There was something poetic about it. Brandon Ingram walked back into the building where he spent six of the best years of his career, where he made his first All-Star Game, where fans once chanted his name. And the Pelicans — his old team, his old home — hit him with a video tribute in the first quarter, a warm nod to everything he meant to this city.
Then they beat him. Badly.
The New Orleans Pelicans dismantled the Toronto Raptors 122-111 on Wednesday night at Smoothie King Center, and it wasn’t nearly as close as the final score suggests. Trey Murphy III dropped 28 points on 8-of-12 shooting, Dejounte Murray added 27 in his best performance since returning from a torn Achilles, and the Pelicans’ offense looked alive in a way that’s been rare during a frustrating 22-45 season.
This one felt different.
If the Raptors had a defensive game plan for Murphy, it didn’t work. The 25-year-old forward finished 5-of-8 from beyond the arc, putting up the kind of performance that reminds you just how dangerous this team can be when its shooters are locked in.
Murphy’s three with 2:19 remaining — pushing the lead to 116-101 — was the dagger. At that point, the Raptors were gassed. Their legs were gone, their rotation was broken, and Murphy was still rising with that effortless, high-release stroke like he had all the energy in the world.
He finished with 28 points, 7 rebounds, and 3 assists. Efficient, purposeful, and clutch when it mattered most.
This is the part that should genuinely excite Pelicans fans.
Dejounte Murray has been working his way back since suffering a torn right Achilles tendon that cost him more than a year of his career. Wednesday night, he looked like the player New Orleans traded for — dynamic, confident, and determined. His 27-point, 6-assist, 5-rebound line was his highest-scoring output since returning, and it came against a Toronto team fighting for playoff positioning in the Eastern Conference.
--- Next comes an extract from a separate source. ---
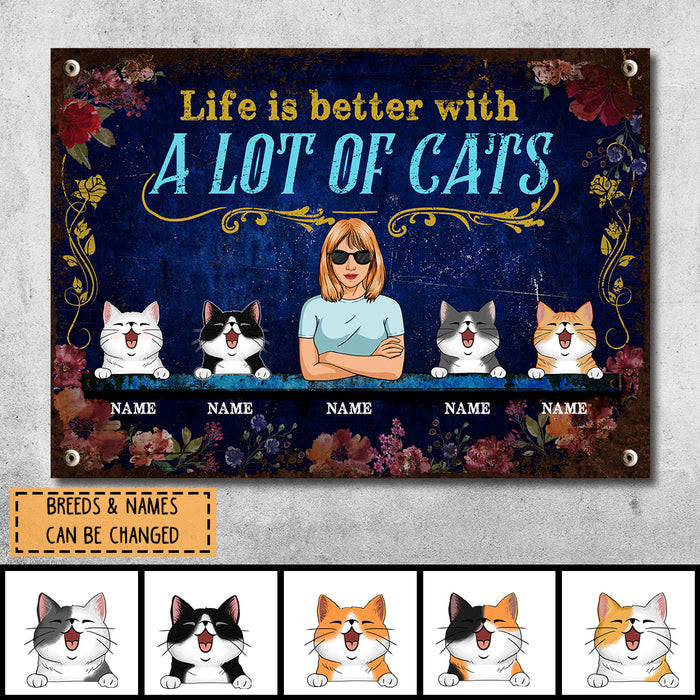 Pawzity Funny Warning Signs, Gifts For Cat Lovers, Life Is Better With A Lot Of Cats, Welcome Metal Signs, Cat Mom With Her Cats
Murray has talked openly about wanting to build winning habits, about treating every game like a playoff game. Against the Raptors, you could see that mentality on full display. He attacked the paint, found open cutters, and hit the tough mid-range shots that define his game. When he’s right — truly right — the Pelicans are a different team.
New Orleans led 60-58 at halftime. It was a tight game. Then the Pelicans came out in the third quarter and outscored Toronto 33-25, pushing their lead to as many as 18 points.
That stretch broke the Raptors. And when Toronto clawed back to within two early in the fourth, the Pelicans responded with an 8-0 run that shut the door for good. The Raptors never got closer than six points from that moment on.
Toronto shot just 31.8% from three on 44 attempts. New Orleans hit 14 threes on 29 tries — a 48.3% clip that tells the whole story of the efficiency gap between these two teams on the night.
Ingram finished with 22 points and surpassed 11,000 career points in the process. A milestone worth appreciating. But he was a -25 in 38 minutes, and the Raptors as a whole couldn’t solve New Orleans’ defensive rotations or match their energy off the glass.
The tribute was genuine. The result was business.
At 22-45, the Pelicans aren’t playing for anything in the standings. But something is building in New Orleans. Murphy is shooting at an elite level. Murray is rounding into form. Zion Williamson added 19 points and looked physically dominant in stretches.
Yves Missi came off the bench and pulled down 10 rebounds in just 19 minutes. Herbert Jones hit four threes. This team, when healthy and engaged, has real pieces.
The Pelicans head to Houston on Friday. The Raptors, now sliding to seventh in the East — a half-game behind both Orlando and Miami — host Phoenix. For Toronto, the losses are starting to matter. For New Orleans, the wins are starting to mean something, too.